The Times: Can you tell us more about your work as a child welfare specialist at the Gingerbread House?
Herron: My role is to talk to the kids when they first come in and answer any questions they might have. My job is to help them understand what's going on and what's going to happen. I show them pictures of the forensic interview rooms and the forensic interviewer and help them feel at ease so they're more comfortable when they're in the room with that person. Afterward I talk with them because they're sad, they're upset, they have a whole range of emotions going through them from talking to this forensic interviewer. My greatest joy when these kids come here is that I know if anything is happening to them, we can put a stop to that and we can help them.
The Times: What do you see most children go through emotionally when they undergo an investigation?
Herron: When kids come in here, some of them don't know what's going on. They might not understand what's happened to them because they're too young. But some of them do get it, and they're very fearful or terrified. Some of them think it's their fault. Sometimes these kids are being abused by someone they trust: a parent, a grandparent, an uncle, their sibling, a best friend... and they don't know how to say no to this person.
The Times: Tell us about your own story of surviving childhood sexual abuse.
Herron: It was really hard for a 13 year old to understand, to see someone you cared about hurt you so badly. I immediately thought I did something to deserve this, that this was my fault, so I didn't tell anyone. I definitely became less social because of it. If my parents had not been in my business, they would never have known. They asked, and I told them the truth, and that was really hard. I didn't want to break their hearts. You always have that little side of you that wonders, 'Will they really believe me, and will they take it seriously? Will they do something to stop it?'
It definitely messes with your self-esteem. I always struggled with that, always wondered, 'Am I worth it?' Even as a teenager, a college student, dating, you wonder: are you damaged goods, because you were abused, because somebody did something terrible to you?' I've gone through the abuse. I came out on the other side. I went through counseling. I made really good friends as support systems and great connections at the Gingerbread House. I'm glad that I got the courage to speak up. The more I talk about it, the more I do outreach, the more I can say I am making a difference with the bad situation that happened to me.

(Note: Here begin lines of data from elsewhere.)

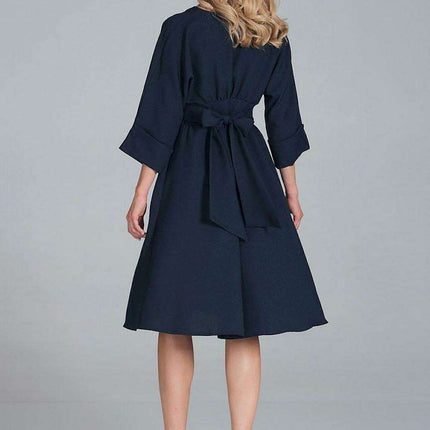 Elegant Sweetheart Kimono Midi Dress with Stylish Wide Sleeves - Très Elite
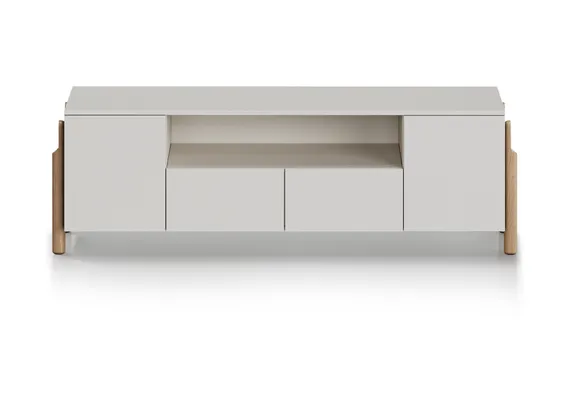 Тумба Basic под ТВ с нишей ширина 170 см (дымка)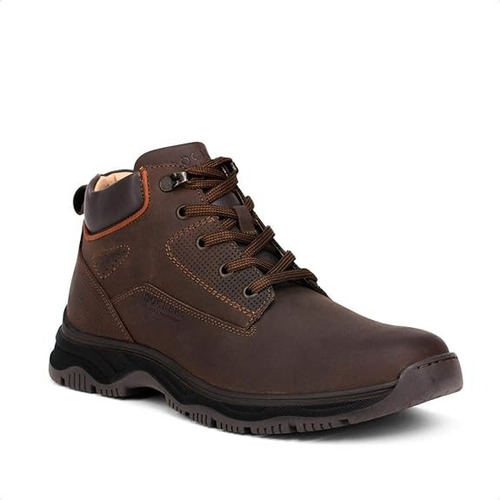 Bota Caballero Dockers Casual Piel D220541 Chocolate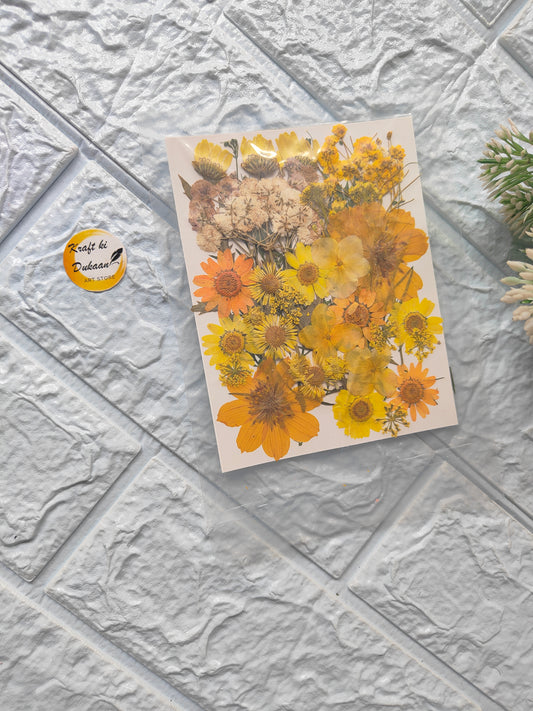 Compressed Flower Sheet Mix A7 - Kraft ki Dukaan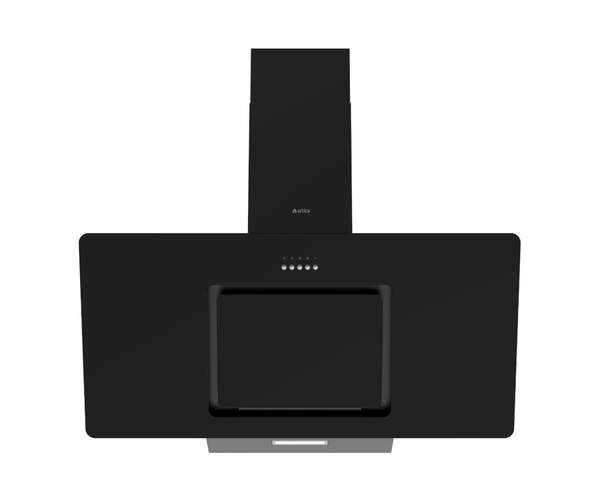 Campana decorativa Artica AVERTIKA90CN - 60 cm, 620 m3/h, Luz LED, 3 Velocidades, Clase C, Negra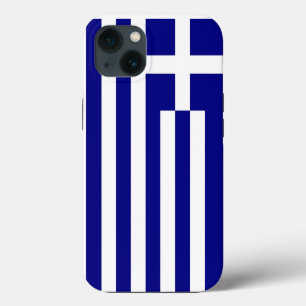 Etui iPhone 13 Coque-Mate de pomme patriotique, drapeau grec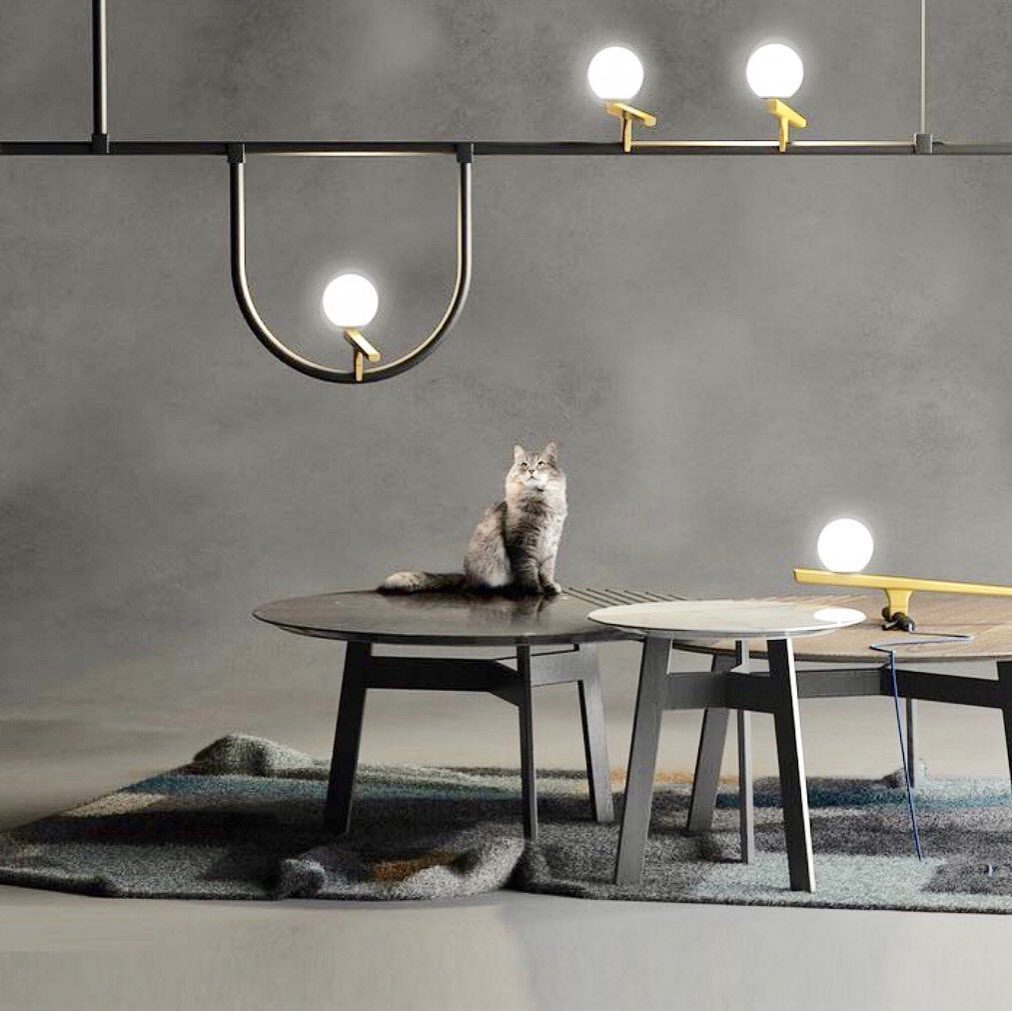 modern-minimalist-branch-chandelier-with-brass-bird-figures-and-white-glass-spheres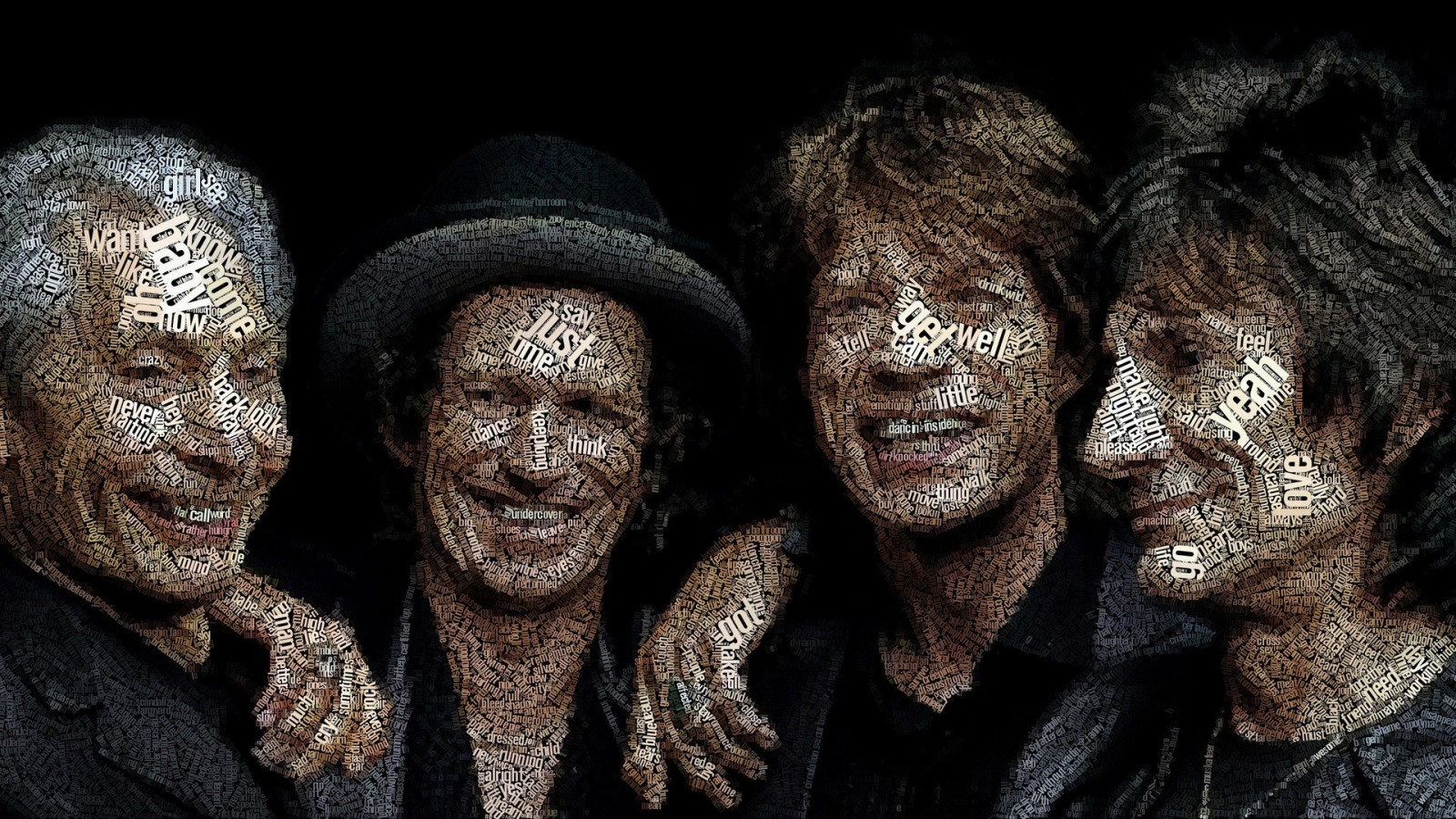 uomini, tempio, persone, musica, scultura, statua, ritratti tipografici, mitologia, capo, Pietre rotolanti, Mick Jagger, Keith Richards, ARTE, oscurità, storia antica, effetti speciali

The Times: How did you find the courage to tell your story?
Herron: When I was first asked to share my story, I was very hesitant to. I thought about how hard it was going to be to share my story. I thought people would look at me different. I thought people were going to say, "She's a liar" or "She deserved it." But in my mind, I wanted to say something, because it does happen, it is a real thing, but we don't talk about it. If we don't talk about it, people don't know it's okay to speak up and say it's wrong and it shouldn't happen. It took a whole bunch of courage to tell what happened to me, as an adult, years after it happened.
The Times: What would you like to say to those who might have been through childhood sexual abuse?
Herron: Speak up. You're not alone. It's not a club anybody wants to join, but it really happens and there are people out there who will be there to support you and will be there to believe you and to help end that abuse and stop whatever pain you're going through. Keep telling until you find somebody who listens to you.